Wisconsin Gears Up for May Day
In 1886, workers in Chicago engaged in a general strike as they fought for an eight-hour workday. Immigrants were at the forefront of that movement.
In 2011, immigrants are again at the forefront of labor’s biggest battle. Here in Wisconsin, immigrant rights groups are calling for mass rallies in Milwaukee and Madison on May Day.
“This year is a historic year in the alliance between organized labor and the immigrants rights movement,” Christine Neumann-Ortiz, executive director of the Milwaukee-based Voces de la Frontera, told me in an interview. The group has organized huge demonstrations on May Day over the last decade, culminating in 80,000 people in the streets in 2007, and 65,000 in 2010.
“The national AFL-CIO president Richard Trumka is coming to march in Milwaukee,” she said. “He recognizes the long tradition Milwaukee has in turning out a sustained mass presence, in tens of thousands a people a year.”
May Day falls in the midst of the Wisconsin uprising. For the past three months, people have been protesting Governor Scott Walker’s rightwing agenda.
Before being elected governor, Walker served as Milwaukee County executive. I asked Neumann-Ortiz if she saw this coming. “We did,” she said, adding that Walker went after immigrants and is trying to institutionalize new forms of discrimination against them.

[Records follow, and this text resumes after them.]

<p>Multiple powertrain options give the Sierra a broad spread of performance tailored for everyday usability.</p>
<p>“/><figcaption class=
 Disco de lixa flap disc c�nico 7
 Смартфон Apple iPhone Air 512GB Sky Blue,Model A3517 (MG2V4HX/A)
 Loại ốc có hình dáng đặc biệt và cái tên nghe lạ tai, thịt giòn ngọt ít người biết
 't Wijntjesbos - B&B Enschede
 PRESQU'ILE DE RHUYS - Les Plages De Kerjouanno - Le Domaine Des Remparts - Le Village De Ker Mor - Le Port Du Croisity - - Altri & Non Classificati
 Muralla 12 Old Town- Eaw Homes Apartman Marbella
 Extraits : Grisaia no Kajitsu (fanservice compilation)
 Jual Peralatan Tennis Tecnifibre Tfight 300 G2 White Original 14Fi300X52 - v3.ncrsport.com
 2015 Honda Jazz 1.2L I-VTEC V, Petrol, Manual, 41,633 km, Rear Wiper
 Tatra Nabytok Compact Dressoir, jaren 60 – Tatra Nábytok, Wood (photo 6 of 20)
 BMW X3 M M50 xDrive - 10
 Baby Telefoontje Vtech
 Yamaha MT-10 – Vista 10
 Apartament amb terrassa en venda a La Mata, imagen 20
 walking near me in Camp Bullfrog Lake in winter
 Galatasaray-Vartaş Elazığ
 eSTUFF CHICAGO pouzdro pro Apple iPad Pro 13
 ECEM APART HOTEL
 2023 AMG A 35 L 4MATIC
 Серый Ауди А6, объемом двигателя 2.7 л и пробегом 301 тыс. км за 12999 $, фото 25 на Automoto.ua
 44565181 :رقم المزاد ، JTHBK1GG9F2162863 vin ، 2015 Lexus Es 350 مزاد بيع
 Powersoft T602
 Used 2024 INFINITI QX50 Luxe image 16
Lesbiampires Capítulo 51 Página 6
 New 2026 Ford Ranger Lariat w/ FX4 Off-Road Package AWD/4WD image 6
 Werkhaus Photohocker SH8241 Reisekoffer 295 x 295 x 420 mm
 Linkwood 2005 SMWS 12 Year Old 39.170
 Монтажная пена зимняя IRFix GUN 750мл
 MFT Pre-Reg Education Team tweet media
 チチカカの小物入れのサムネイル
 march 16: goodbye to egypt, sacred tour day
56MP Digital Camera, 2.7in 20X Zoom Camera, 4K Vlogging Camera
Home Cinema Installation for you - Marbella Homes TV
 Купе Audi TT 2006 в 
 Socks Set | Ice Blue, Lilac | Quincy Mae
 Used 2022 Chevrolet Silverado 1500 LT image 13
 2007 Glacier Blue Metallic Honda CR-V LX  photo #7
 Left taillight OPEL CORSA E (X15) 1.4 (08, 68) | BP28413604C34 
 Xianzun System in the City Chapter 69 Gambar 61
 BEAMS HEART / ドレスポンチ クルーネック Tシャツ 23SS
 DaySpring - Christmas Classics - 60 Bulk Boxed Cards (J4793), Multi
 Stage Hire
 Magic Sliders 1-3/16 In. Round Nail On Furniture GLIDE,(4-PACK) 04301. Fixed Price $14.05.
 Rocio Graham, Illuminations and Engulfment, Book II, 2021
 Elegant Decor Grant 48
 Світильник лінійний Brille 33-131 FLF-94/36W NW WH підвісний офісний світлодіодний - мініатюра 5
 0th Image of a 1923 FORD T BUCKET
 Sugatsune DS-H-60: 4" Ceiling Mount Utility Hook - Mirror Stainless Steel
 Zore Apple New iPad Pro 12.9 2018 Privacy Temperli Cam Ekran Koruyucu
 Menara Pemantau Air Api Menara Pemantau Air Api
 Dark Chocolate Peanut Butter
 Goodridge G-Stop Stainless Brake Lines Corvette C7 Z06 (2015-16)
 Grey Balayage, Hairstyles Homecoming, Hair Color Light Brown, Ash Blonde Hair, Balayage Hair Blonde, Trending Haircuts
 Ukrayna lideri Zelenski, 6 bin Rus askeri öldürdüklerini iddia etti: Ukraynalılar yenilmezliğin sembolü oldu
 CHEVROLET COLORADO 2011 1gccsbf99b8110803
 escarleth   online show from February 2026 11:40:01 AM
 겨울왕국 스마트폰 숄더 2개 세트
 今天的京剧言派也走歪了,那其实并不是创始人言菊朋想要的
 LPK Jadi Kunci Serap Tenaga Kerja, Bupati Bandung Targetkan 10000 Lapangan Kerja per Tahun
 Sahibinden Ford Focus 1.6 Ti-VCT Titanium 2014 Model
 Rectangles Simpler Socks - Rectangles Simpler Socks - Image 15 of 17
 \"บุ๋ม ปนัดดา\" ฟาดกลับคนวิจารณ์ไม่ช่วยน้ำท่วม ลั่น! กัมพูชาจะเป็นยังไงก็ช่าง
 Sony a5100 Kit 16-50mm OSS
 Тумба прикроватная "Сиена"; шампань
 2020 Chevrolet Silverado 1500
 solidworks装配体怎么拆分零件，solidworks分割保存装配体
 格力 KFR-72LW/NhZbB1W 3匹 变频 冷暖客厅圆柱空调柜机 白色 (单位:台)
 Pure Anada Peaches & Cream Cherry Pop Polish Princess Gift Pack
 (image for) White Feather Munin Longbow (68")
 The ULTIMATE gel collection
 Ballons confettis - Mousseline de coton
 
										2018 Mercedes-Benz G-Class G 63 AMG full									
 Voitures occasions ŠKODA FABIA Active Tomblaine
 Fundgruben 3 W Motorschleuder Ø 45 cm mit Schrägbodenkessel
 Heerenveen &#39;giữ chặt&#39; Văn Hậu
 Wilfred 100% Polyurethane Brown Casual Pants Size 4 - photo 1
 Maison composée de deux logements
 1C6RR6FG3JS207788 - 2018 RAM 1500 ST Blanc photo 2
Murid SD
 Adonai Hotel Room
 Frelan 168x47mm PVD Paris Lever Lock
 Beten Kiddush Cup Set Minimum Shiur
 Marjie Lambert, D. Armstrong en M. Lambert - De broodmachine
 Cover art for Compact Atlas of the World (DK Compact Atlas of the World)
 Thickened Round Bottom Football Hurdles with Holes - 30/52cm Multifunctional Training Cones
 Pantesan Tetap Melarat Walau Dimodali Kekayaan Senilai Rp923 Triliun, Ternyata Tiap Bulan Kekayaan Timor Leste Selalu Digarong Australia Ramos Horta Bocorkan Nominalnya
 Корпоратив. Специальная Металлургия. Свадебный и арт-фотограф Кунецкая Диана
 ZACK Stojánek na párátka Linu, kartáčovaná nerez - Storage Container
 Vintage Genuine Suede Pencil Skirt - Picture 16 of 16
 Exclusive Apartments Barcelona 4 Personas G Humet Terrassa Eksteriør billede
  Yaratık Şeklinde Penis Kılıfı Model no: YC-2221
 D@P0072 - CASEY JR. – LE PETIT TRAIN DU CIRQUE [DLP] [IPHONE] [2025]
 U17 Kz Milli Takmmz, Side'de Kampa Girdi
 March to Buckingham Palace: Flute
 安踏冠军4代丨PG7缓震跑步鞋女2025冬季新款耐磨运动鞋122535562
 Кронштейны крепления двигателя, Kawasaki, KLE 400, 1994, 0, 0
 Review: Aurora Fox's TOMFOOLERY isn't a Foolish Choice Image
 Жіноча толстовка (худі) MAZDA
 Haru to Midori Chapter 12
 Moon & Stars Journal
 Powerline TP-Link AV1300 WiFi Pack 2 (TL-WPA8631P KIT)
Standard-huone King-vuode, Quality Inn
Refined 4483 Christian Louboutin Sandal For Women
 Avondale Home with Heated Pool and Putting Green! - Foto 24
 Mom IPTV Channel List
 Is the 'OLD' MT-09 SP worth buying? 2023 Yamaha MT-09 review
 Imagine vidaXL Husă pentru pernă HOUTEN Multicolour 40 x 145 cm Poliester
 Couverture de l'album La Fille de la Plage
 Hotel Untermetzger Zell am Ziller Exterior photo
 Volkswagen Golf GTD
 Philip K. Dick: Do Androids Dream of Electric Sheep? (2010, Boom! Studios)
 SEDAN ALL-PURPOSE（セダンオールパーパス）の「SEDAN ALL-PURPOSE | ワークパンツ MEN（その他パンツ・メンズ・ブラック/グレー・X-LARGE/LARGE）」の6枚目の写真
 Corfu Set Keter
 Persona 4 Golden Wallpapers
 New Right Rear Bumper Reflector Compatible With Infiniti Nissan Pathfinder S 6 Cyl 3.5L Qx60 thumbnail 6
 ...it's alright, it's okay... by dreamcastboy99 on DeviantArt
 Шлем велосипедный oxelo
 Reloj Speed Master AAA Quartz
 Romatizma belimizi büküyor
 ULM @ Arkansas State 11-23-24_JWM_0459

While campaigning, “He promised to sign Arizona-type legislation, to repeal in-state tuition for Wisconsin’s undocumented youth, and to eliminate the only form of medical care available to undocumented workers: prenatal care for women.”
In 2009, immigrant rights activists scored a major victory with a state law that allows undocumented youth to pay in-state tuition. Walker’s budget seeks to undo that, something Neumann-Ortiz finds galling.
“The Legislative Reference Bureau says it will not save any money for the state,” says Neumann-Ortiz. “He’s taking away the dreams of youth.”
Worse, Walker is seeking to eliminate the FoodShare program, which benefits legal immigrants who do not meet federal residency requirements. And changes to Senior Care and Badger Care will adversely affect legal residents.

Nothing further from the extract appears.